• EXERCISE REQUIREMENTS
Everything from the line containing "Cozy Condo in" through the final line of the entries must be repeated exactly, and only that, without pictures.

• PROVIDED INFORMATION
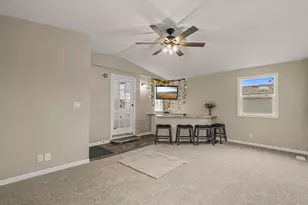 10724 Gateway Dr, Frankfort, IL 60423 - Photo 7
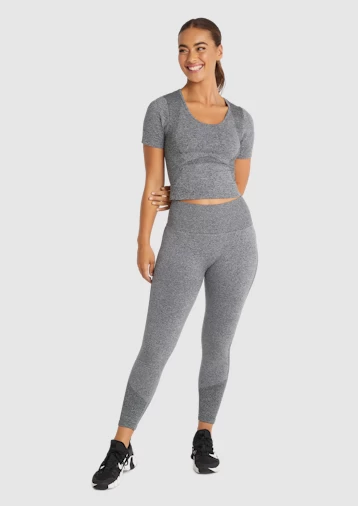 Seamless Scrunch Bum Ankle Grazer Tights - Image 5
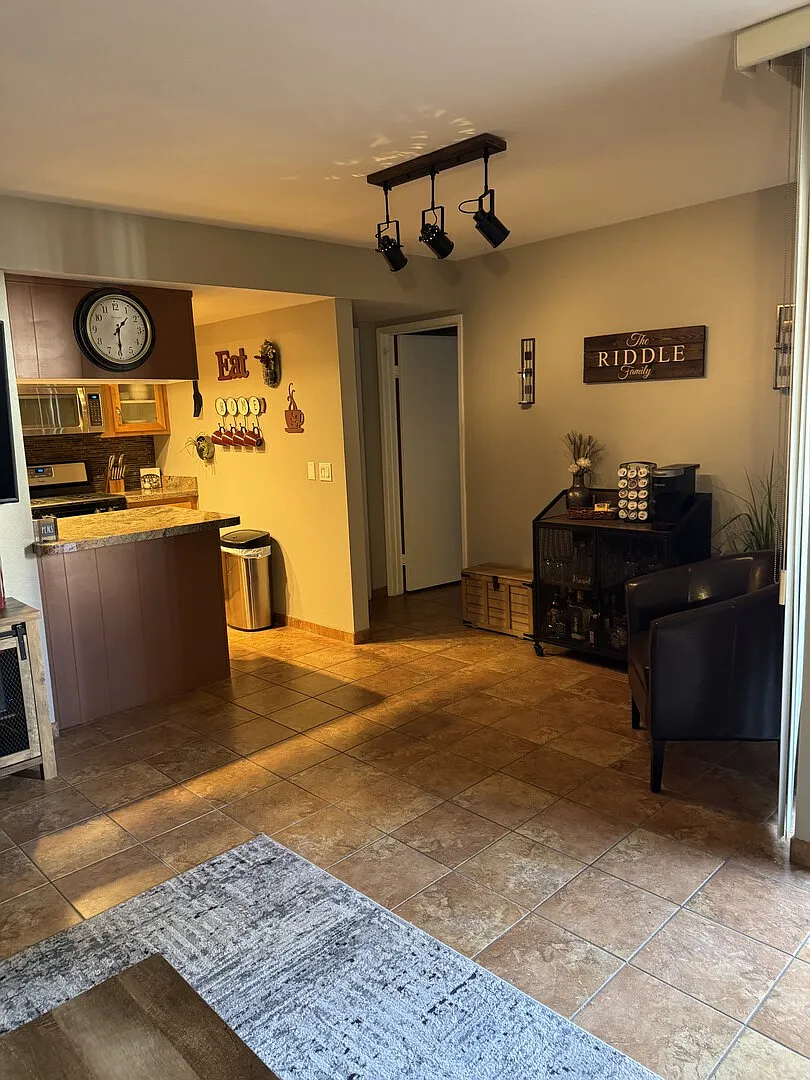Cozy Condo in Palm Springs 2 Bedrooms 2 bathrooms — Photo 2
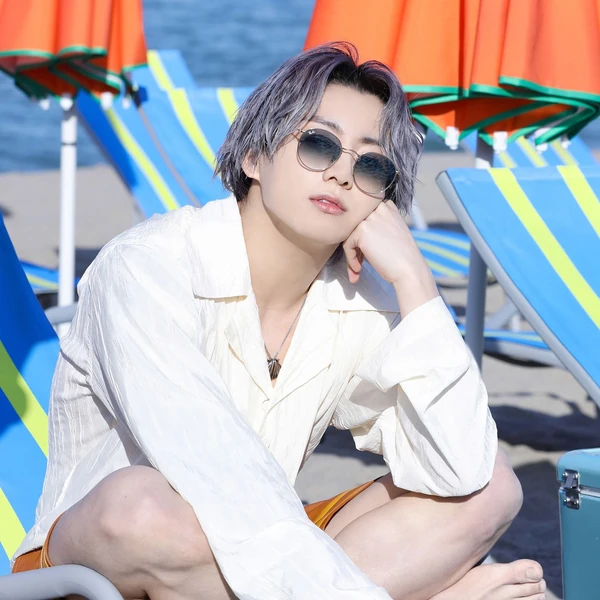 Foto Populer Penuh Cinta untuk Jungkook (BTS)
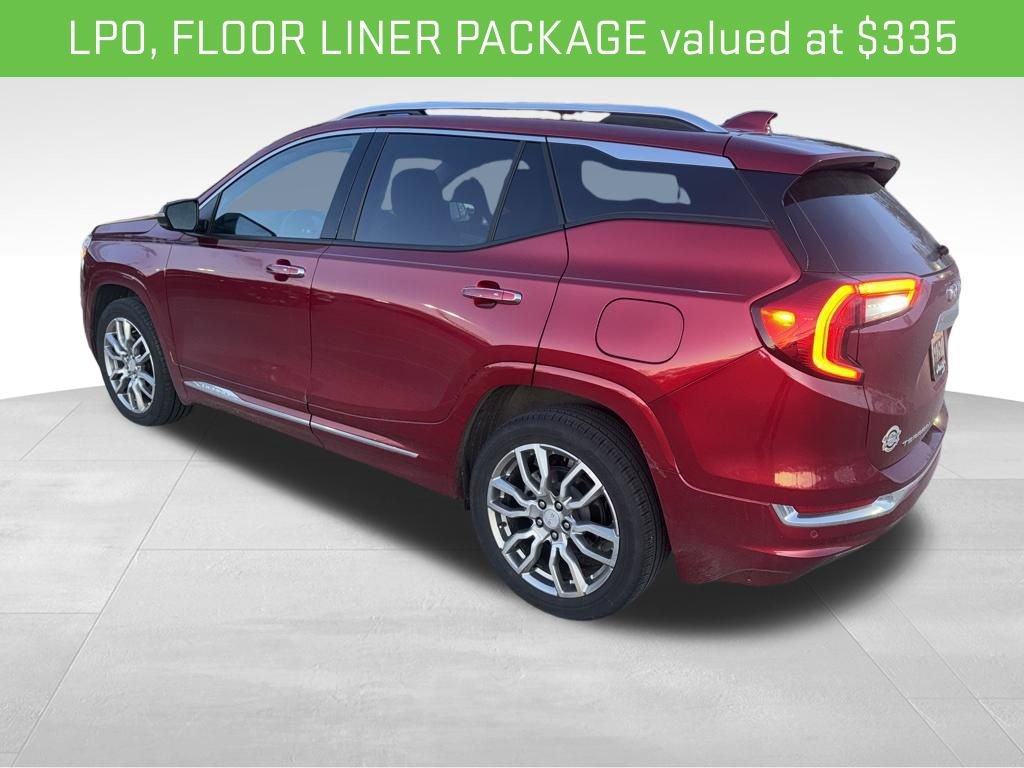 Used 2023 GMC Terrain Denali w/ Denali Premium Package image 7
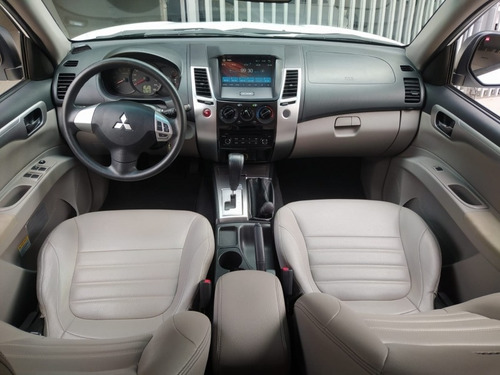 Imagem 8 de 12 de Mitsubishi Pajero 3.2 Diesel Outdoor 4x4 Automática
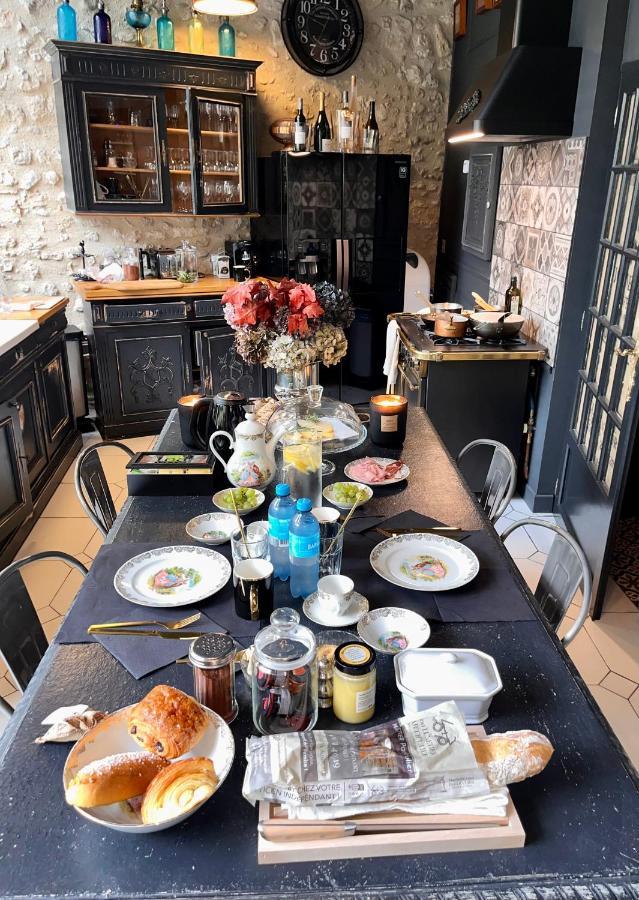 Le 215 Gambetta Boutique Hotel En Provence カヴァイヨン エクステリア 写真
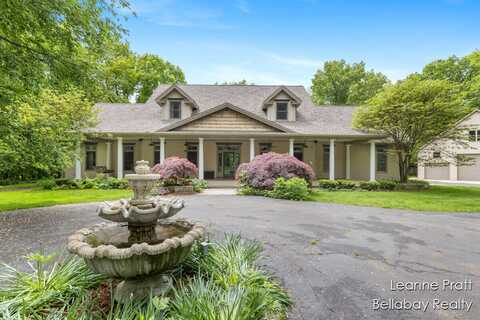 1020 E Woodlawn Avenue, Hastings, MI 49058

• OUTPUT FOR THIS EXERCISE
Cozy Condo in Palm Springs 2 Bedrooms 2 bathrooms — Photo 2
 Foto Populer Penuh Cinta untuk Jungkook (BTS)
 Used 2023 GMC Terrain Denali w/ Denali Premium Package image 7
 Imagem 8 de 12 de Mitsubishi Pajero 3.2 Diesel Outdoor 4x4 Automática
 Le 215 Gambetta Boutique Hotel En Provence カヴァイヨン エクステリア 写真
 1020 E Woodlawn Avenue, Hastings, MI 49058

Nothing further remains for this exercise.